Remember how in the superb Slings and Arrows (get thee to your Netflix, or latenight IFC right now if you haven’t seen it yet), a major plot point is the fact that all of the theaters ticket subscribers are old. I assumed this was exaggerated for the sake of plot points like this misguided attempt to pull in a younger audience with billboards like this:
Since I never go to plays (they’re expensive), I wasn’t in on the joke. The joke that it’s all true. Due to a deal on tickets, I went to the Geffen Playhouse here in LA, which from its fanciness looks like a supremely endowed-theater. I saw The Elaborate Entrance of Chad Deity, a play about 1980’s childhood nostalgia, pro-wrestling, race and capitalism in America. It was full of rap music. At several points, the entire audience was filled with the unhappy elbows of people covering their ears. There were no young people. There were no middle-aged people. It was the New Burbage Theatre Festival.

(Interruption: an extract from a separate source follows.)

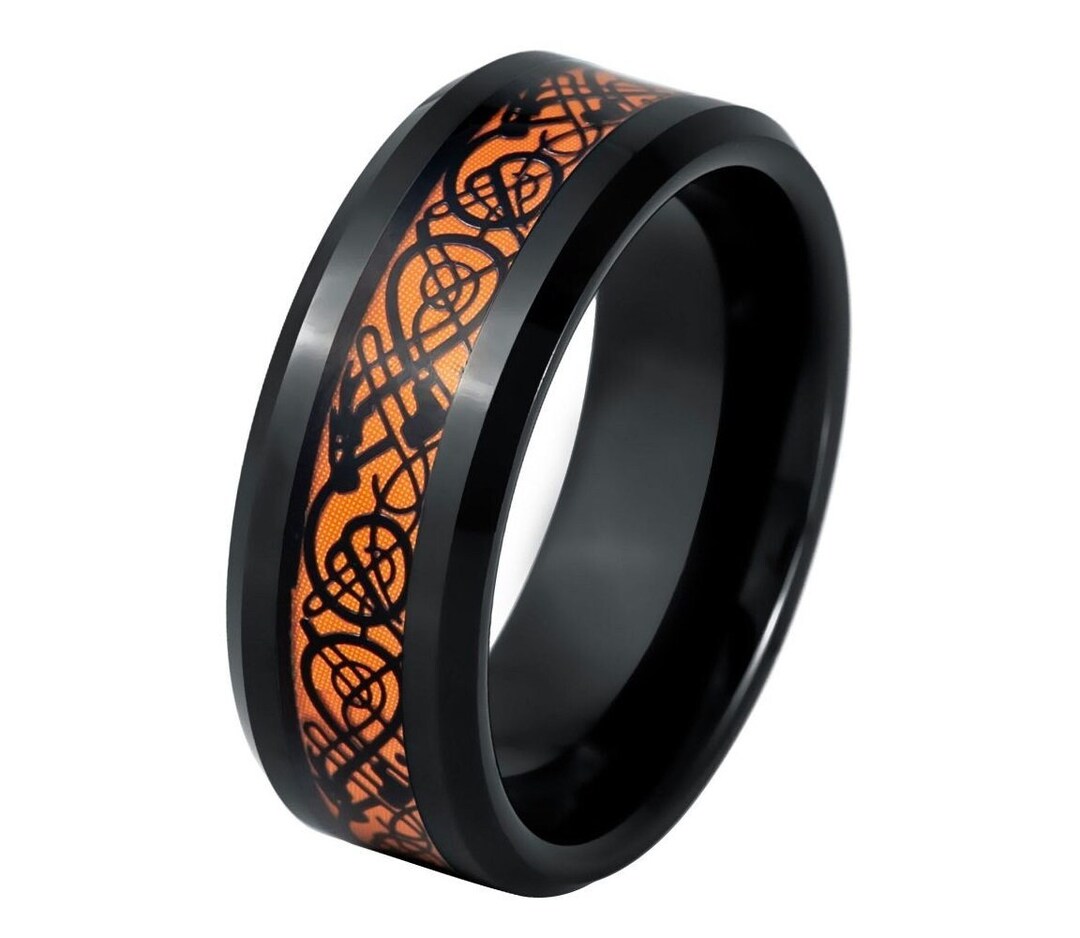Orange and black wedding band deals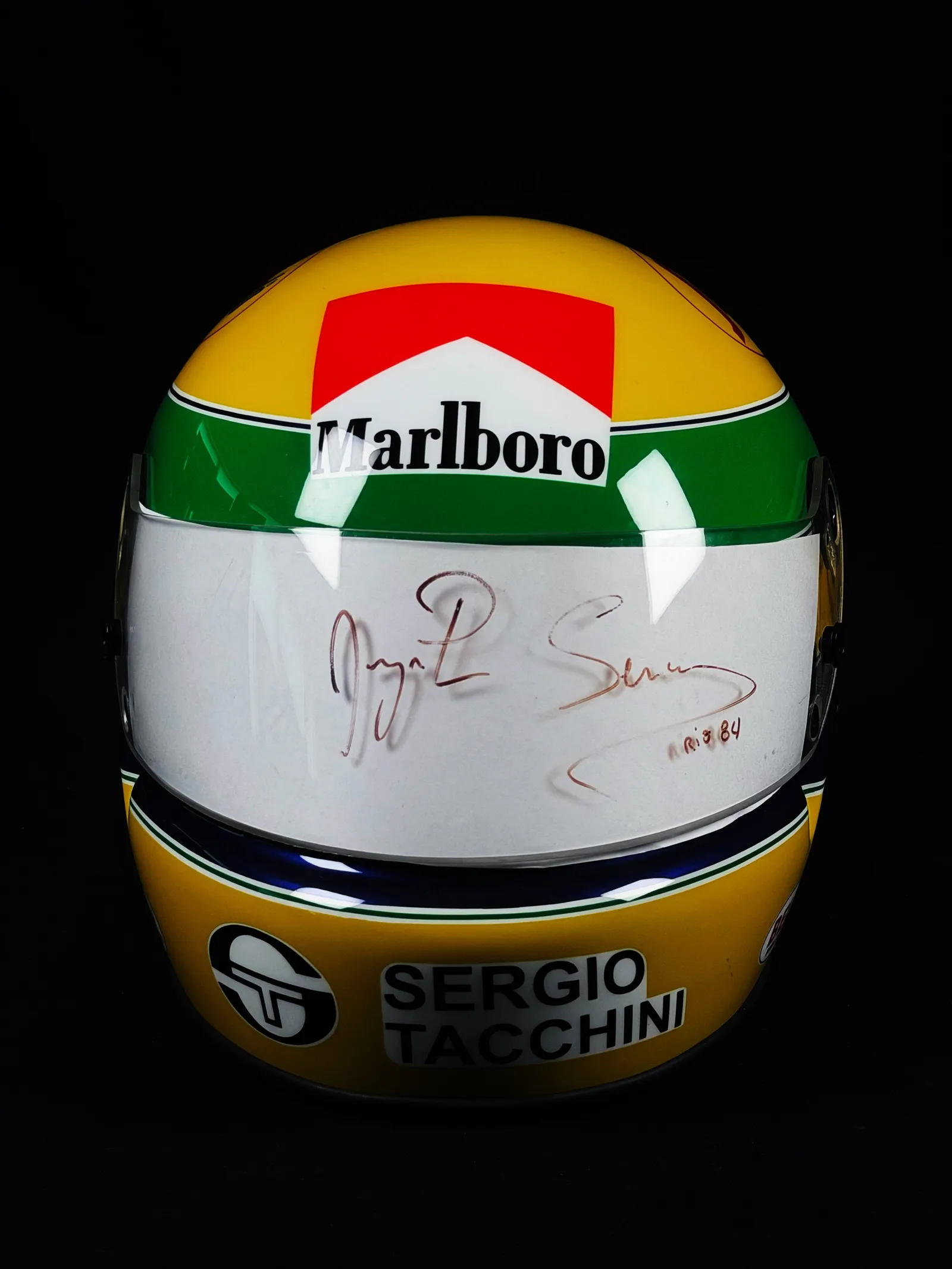 Ayrton Senna autógrafo – assinatura na viseira do capacete, Ayrton Senna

I do not particularly like young people. But that’s neither here nor there. I had no idea how many people weren’t going to see plays. That sounds crass. What I mean is, the tradition of theater-going seems like it might be lost. Younger generations aren’t theater-going, theater-finding, theater-thinking. Concerts yes! Plays, no.
Theater is where we get our broad strokes on, where themes have to be present, where politics get to be stated proudly. Where we have monologues that are actual monologues! We have to go to the theater because if we don’t, by my hasty estimation, there will be no more ticket subscribers in 30 years, max. And we want plays like The Elaborate Entrance… to get made because they are all thinky and sweaty and compelling. I have to say, from the grumbling I heard in the audience (“what’s this play about?” “I hate the music.” “Why can’t they keep their clothes on”) I assumed the audience hated the play. I was wrong. They gave it a standing ovation.
Am I wrong? What was the last play you went to? What was the audience demographic? There is a strong chance my observation based on one night out is totally overblown. But I trust Slings and Arrows.
Let’s all go to one play in the next 6 months. That gives us till March.